ALEXANDRIA, Va. — January 3, 2017 — UniFirst Corp. facilities in Tampa, Fla., and Tulsa, Ok., are the company’s newest recipients of TRSA Hygienically Clean Food Safety certification, reflecting their commitment to best management practices (BMPs) in laundering as verified by TRSA inspection and their capability to produce hygienically clean textile product cleanliness as quantified by ongoing microbial testing.
The certification confirms a laundry’s dedication to compliance and processing garments and other textile products using BMPs as described in its quality assurance documentation, the focal point for TRSA inspectors’ evaluation of critical control points that minimize risk.
This process eliminates subjectivity by focusing on outcomes and results that verify textiles cleaned in these facilities meet appropriate hygienically clean standards, and BMPs for servicing animal processing, dairies, fruit/vegetable, bakeries, grain and other food and beverage industry segments.
UniFirst now has 14 TRSA Hygienically Clean Food Safety certified facilities, more than any other textile services operator. In addition to those in Tampa and Tulsa, these are located in Stockton and Ontario, Calif.; Stratford, Conn.; Albany, Ga.; Boston; Landover, Md.; Charlotte and Kernersville, N.C.; Lebanon and Nashua, N.H.; Amarillo, Texas; and Richmond, Va.
The TRSA Hygienically Clean Food Safety protocol examines a laundry’s Hazard Analysis and Critical Control Points (HACCP) practices, including its techniques for:
- Conducting hazard analysis;
- Determining CCPs, monitoring their control, and corrections if required;
- Validating and verifying HACCP system effectiveness; and
- Documenting and record-keeping to show ongoing conformance.
Inspection and re-inspection verify laundry practices including washing procedures (detergent formulas, temperature, disinfectant, pH, extraction), drying, garment inspection and transportation.
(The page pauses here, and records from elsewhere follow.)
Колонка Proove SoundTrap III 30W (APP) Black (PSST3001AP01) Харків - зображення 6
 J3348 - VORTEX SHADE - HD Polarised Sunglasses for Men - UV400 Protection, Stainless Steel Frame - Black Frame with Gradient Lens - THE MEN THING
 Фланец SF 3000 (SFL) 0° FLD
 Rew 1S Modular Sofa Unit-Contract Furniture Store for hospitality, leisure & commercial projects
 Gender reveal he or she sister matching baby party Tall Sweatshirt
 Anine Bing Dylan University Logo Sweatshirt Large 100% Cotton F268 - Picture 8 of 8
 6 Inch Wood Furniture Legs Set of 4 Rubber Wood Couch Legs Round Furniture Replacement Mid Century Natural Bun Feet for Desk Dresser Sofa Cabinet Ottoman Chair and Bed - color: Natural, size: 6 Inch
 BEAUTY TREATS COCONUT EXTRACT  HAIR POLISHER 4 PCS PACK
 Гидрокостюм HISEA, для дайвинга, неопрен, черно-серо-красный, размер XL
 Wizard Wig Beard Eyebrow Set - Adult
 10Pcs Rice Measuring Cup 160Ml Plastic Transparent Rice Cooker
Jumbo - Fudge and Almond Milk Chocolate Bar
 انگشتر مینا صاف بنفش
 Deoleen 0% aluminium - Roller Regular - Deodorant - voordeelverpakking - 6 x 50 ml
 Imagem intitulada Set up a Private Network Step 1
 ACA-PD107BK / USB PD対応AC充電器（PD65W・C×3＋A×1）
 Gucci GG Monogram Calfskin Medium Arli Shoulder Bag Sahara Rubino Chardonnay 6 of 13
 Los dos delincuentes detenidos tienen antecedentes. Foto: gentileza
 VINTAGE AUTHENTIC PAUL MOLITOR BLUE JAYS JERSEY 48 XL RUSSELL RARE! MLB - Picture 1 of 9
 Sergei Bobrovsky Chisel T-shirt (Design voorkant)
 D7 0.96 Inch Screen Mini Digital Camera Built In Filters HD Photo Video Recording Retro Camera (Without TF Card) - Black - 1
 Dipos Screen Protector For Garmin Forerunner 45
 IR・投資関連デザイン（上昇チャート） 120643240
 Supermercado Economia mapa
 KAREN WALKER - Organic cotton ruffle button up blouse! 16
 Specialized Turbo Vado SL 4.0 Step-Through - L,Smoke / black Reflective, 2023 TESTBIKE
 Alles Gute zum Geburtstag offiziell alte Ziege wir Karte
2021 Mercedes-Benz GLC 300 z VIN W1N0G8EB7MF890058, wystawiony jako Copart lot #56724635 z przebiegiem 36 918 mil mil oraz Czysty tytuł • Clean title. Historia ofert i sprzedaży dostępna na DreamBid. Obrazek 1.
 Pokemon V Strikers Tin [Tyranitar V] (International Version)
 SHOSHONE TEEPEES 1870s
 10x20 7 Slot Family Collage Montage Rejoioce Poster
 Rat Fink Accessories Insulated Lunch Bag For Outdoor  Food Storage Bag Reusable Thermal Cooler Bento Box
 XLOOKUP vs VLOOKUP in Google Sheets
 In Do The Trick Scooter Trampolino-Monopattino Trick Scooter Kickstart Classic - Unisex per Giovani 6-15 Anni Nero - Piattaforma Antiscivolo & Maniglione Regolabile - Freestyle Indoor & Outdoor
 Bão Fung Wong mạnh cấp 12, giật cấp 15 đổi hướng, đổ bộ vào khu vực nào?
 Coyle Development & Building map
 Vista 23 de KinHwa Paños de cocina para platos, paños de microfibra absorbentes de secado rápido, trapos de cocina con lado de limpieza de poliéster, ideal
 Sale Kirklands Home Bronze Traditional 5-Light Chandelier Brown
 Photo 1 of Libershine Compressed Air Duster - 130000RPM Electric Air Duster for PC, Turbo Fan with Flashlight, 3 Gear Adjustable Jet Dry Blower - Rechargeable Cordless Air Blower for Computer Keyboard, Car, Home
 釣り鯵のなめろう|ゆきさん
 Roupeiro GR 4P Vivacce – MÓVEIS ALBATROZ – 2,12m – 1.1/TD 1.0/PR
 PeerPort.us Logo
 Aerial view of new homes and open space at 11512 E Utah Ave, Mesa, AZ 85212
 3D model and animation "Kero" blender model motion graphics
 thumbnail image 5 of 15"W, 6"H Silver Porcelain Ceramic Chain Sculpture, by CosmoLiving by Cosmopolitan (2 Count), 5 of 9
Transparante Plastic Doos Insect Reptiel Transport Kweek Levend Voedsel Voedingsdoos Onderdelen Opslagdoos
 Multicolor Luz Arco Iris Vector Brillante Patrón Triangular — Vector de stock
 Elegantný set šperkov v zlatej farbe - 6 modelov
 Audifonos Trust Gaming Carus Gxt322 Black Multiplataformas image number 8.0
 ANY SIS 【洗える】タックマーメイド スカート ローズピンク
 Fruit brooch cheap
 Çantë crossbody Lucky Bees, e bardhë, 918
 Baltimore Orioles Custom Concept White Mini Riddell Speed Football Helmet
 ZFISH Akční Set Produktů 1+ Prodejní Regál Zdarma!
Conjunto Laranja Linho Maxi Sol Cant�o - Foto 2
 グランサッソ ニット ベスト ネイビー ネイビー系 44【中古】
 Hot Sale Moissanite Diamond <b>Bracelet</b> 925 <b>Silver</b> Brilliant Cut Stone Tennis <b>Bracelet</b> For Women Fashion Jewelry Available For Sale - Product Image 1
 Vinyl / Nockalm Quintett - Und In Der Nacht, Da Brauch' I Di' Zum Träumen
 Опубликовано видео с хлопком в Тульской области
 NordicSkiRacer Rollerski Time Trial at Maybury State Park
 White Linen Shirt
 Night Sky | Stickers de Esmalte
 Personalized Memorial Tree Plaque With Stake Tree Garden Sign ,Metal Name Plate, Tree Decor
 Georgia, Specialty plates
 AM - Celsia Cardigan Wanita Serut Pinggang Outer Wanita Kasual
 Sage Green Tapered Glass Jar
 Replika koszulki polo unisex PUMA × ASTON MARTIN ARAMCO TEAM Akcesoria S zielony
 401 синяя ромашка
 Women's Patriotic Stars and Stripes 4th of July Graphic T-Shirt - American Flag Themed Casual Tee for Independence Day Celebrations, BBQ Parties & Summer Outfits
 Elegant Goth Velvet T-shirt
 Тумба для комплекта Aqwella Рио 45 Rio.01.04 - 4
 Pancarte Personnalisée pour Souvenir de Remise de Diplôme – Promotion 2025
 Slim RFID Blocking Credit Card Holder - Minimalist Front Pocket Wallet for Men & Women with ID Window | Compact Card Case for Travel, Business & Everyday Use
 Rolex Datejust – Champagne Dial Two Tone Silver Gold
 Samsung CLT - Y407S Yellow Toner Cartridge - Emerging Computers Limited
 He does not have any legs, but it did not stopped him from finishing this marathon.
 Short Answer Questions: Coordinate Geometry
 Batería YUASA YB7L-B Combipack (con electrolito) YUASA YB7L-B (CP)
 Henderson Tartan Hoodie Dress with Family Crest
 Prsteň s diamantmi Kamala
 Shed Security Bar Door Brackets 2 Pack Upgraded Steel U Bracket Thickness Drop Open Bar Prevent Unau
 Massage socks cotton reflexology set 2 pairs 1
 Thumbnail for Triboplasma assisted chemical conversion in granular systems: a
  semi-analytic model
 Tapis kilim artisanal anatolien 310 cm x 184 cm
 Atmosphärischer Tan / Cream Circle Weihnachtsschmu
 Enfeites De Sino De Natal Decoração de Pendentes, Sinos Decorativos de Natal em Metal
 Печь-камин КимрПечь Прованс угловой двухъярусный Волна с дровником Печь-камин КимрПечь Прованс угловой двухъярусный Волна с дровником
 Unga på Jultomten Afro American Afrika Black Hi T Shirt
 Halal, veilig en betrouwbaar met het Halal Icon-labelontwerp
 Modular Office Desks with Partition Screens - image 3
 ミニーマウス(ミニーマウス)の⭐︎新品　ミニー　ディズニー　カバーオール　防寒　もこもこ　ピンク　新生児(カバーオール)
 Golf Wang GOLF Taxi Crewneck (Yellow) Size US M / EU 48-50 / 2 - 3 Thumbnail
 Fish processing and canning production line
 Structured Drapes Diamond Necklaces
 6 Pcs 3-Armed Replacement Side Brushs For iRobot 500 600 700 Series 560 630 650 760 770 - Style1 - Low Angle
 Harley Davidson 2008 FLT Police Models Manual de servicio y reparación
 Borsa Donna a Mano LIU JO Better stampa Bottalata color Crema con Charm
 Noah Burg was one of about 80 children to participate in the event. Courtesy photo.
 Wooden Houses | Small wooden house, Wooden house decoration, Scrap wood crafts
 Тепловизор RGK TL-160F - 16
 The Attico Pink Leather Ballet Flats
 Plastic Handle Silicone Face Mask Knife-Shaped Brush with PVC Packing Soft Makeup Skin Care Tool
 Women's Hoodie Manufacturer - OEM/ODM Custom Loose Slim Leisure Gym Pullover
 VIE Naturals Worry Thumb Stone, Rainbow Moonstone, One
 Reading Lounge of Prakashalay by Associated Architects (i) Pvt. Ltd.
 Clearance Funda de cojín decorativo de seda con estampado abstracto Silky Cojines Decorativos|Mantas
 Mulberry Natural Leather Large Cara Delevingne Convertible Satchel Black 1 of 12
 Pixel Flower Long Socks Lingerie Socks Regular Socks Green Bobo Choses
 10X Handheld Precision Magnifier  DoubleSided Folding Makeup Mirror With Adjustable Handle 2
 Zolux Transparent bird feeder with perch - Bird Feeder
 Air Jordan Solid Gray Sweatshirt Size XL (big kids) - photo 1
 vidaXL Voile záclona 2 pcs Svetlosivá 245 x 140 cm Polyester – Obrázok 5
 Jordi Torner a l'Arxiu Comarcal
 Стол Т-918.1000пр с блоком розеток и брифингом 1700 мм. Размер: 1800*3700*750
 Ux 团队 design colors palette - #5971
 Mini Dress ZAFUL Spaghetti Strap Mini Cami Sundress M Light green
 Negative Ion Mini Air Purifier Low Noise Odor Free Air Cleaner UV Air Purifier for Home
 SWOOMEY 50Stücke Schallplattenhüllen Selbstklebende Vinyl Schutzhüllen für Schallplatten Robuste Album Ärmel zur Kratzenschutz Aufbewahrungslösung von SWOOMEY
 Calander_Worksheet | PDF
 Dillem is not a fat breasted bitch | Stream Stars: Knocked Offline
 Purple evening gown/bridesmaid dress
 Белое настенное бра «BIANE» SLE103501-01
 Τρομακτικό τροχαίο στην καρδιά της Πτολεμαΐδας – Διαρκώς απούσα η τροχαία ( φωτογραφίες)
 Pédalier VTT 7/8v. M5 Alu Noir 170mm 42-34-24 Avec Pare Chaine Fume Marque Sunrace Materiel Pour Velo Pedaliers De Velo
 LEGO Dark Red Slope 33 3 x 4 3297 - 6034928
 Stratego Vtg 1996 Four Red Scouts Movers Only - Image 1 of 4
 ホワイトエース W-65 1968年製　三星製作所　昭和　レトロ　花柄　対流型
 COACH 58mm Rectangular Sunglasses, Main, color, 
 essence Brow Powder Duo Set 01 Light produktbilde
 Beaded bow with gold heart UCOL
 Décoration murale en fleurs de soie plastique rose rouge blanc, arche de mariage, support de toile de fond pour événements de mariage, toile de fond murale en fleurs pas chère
Each certified laundry plant’s operational flowchart is evaluated, ensuring these procedures (as well as pickup, unloading and sorting of soiled items and sorting of clean laundry) are mapped. Additionally, employees’ use of personal protective equipment is documented.
Inspectors also evaluate practices relevant to handling and processing textile products used in food manufacturing/processing establishments for adherence to U.S. Food and Drug Administration (FDA) and Centers for Disease Control and Prevention (CDC) directives.
“More and more, we’re seeing our customers in food-related industries looking for third-party validation that our specialized Product Protection Process and our hygienically clean standards are consistent with HACCP guidelines,” said Adam Soreff, director of marketing and communications at UniFirst, with headquarters based in Massachusetts. “Working with a Hygienically Clean Food Safety certified laundry helps reassure them that their managed uniform program is working in concert with their own food safety protocols to help them ensure food safety for consumers.”